# Fourier Sine Series Exapnsion

• July 14th 2010, 04:37 PM
dats13
Fourier Sine Series Exapnsion
The question ask to expand the following function of period $2L$ on the interval $(0,L)$ as a Fourier sine series.

$$f(x)=sin(\frac{\pi}{2L}x)$
$

This function is periodic on a period of $4L$ and thus the coefficients are given by

$$b_{n}=\frac{1}{2L}\int_{0}^{2L}sin(\frac{\pi x}{2L})sin(\frac{n\pi x}{2L})dx$
$

Upon evaluating the integral, I split the sine terms into two seperate cosine terms using a trig identity. After integration I am unable to get a single cosine as given in the correct answer

$$f(x)=\frac{8}{\pi}\sum_{n=1}^{\infty}\frac{ncos(n\ pi)}{1-4n^{2}}sin(\frac{n\pi}{L}x)$
$

Have I made an error or am I on the correct track?
• July 14th 2010, 09:47 PM
CaptainBlack
Quote:

Originally Posted by dats13
The question ask to expand the following function of period $2L$ on the interval $(0,L)$ as a Fourier sine series.

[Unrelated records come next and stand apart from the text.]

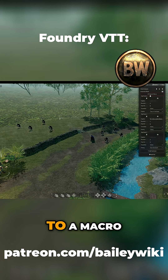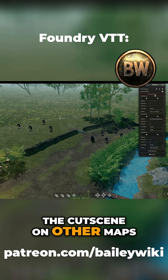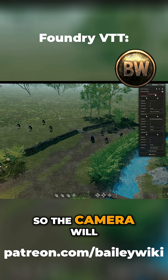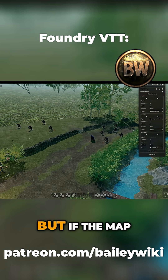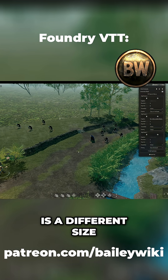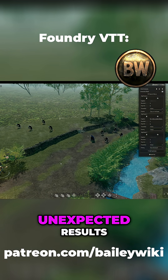If you save it to a macro, then you can trigger the cutscene on other maps, so the camera will go through the same movements. But if the map is a different size or anything, that might lead to unexpected results.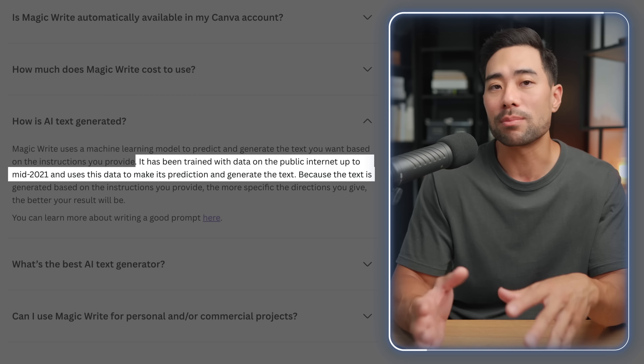A little side note when using Canva's MagicWrite: most of these AI writing tools are powered by OpenAI's GPT-3. As you can see, the AI text is trained with data from the public internet up to mid-2021. Because of this, there may be some inaccuracies depending on your topic. For example, if you're in finance and want to generate content based on the latest financial stats, stocks, or crypto — the crypto crash that happened not long ago wouldn't have been recorded since it occurred after mid-2021. That's something to take note of.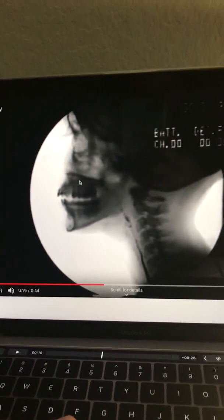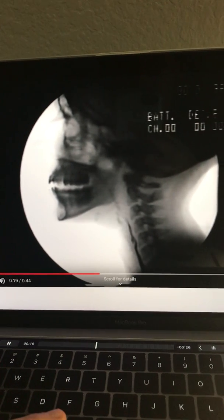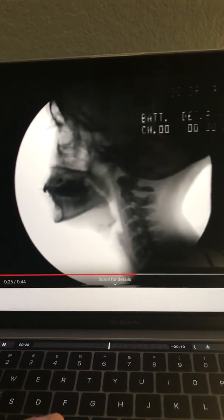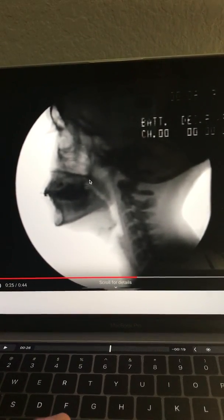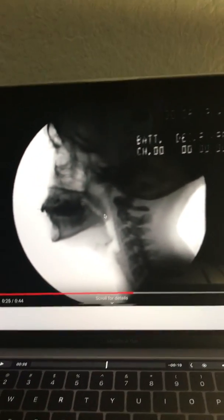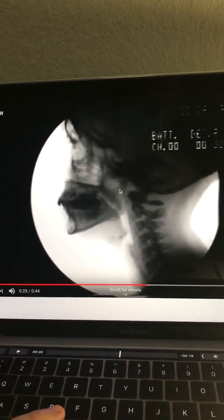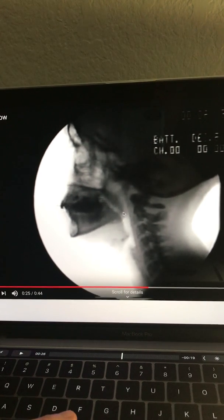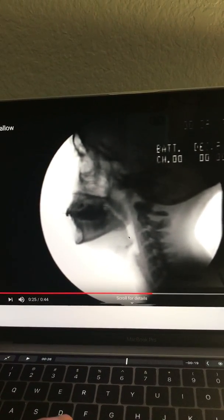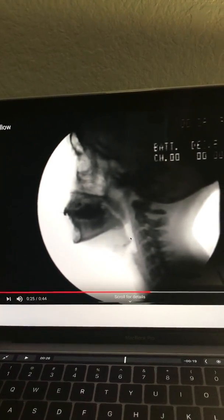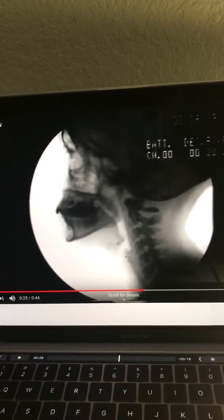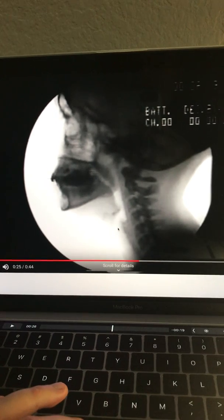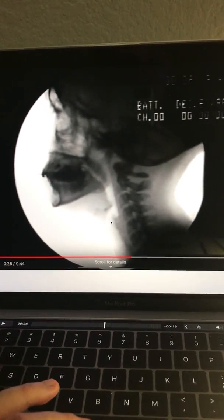This is the hard palate here with the uvula hanging down. The nasopharynx is going to be up here above where the soft palate is, all the way to where the uvula is. Below the uvula is going to be the oropharynx, which extends to where the epiglottis is. Below the epiglottis is where the laryngopharynx is. Right where this white space is, is where the vocal folds are going to be.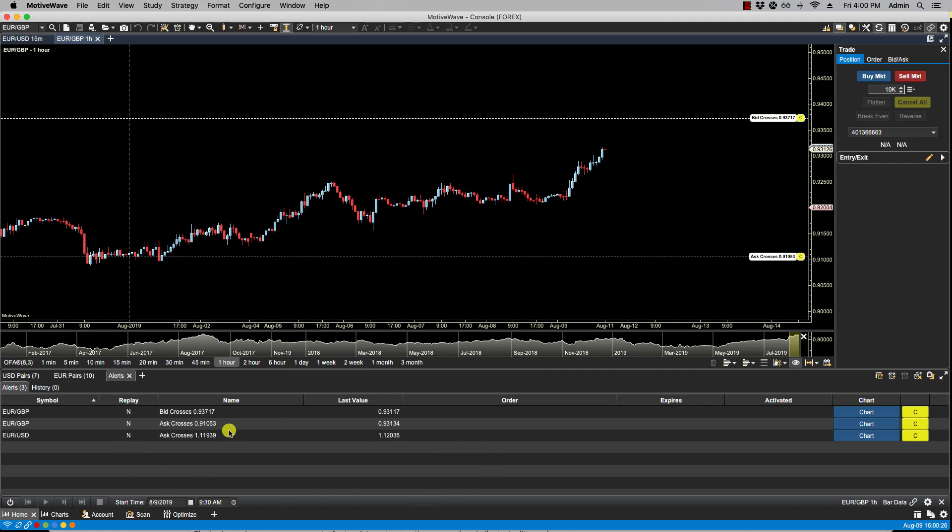Let's go over some of the columns. Here we have the symbol that would be the symbol that the alert is listed on. Presently I have three alerts: two on the Euro Pound and one on the Euro Dollar.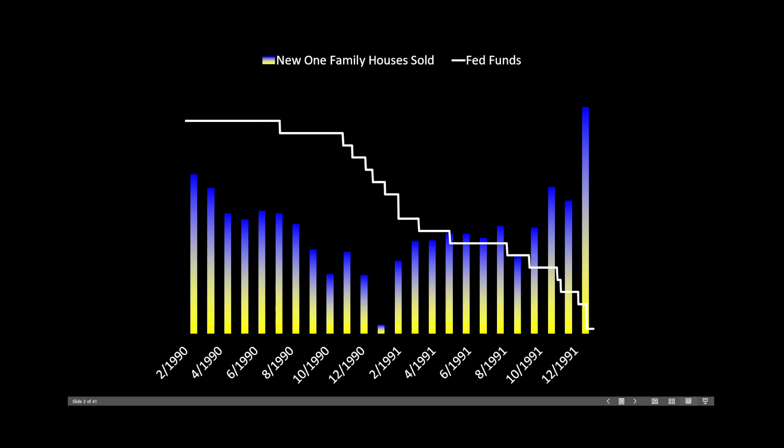We looked at two periods of time — 1990 and the year 2000 — to consider what happened in the past. In 1990, interest rates fell from 8.25% down to 6.75%. The histogram bars represent new one-family homes sold, showing the velocity — the speed at which homes are being sold. We can see that sales were declining precipitously until interest rates came down to the 6.75% level. It was only at that level that home sales velocity started to increase.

$$f(x)=sin(\frac{\pi}{2L}x)$
$

This function is periodic on a period of $4L$ and thus the coefficients are given by

$$b_{n}=\frac{1}{2L}\int_{0}^{2L}sin(\frac{\pi x}{2L})sin(\frac{n\pi x}{2L})dx$
$

Because the integrand is not periodic with period 2L you have to integrate over -L,L here, also you divide by 2L in the second sin term and you should not it should just be L. You could also do this the way shown in the MathWorld page.

CB
• July 17th 2010, 12:45 PM
dats13
Thanks, for pointing out my mistake. I got the correct answer now.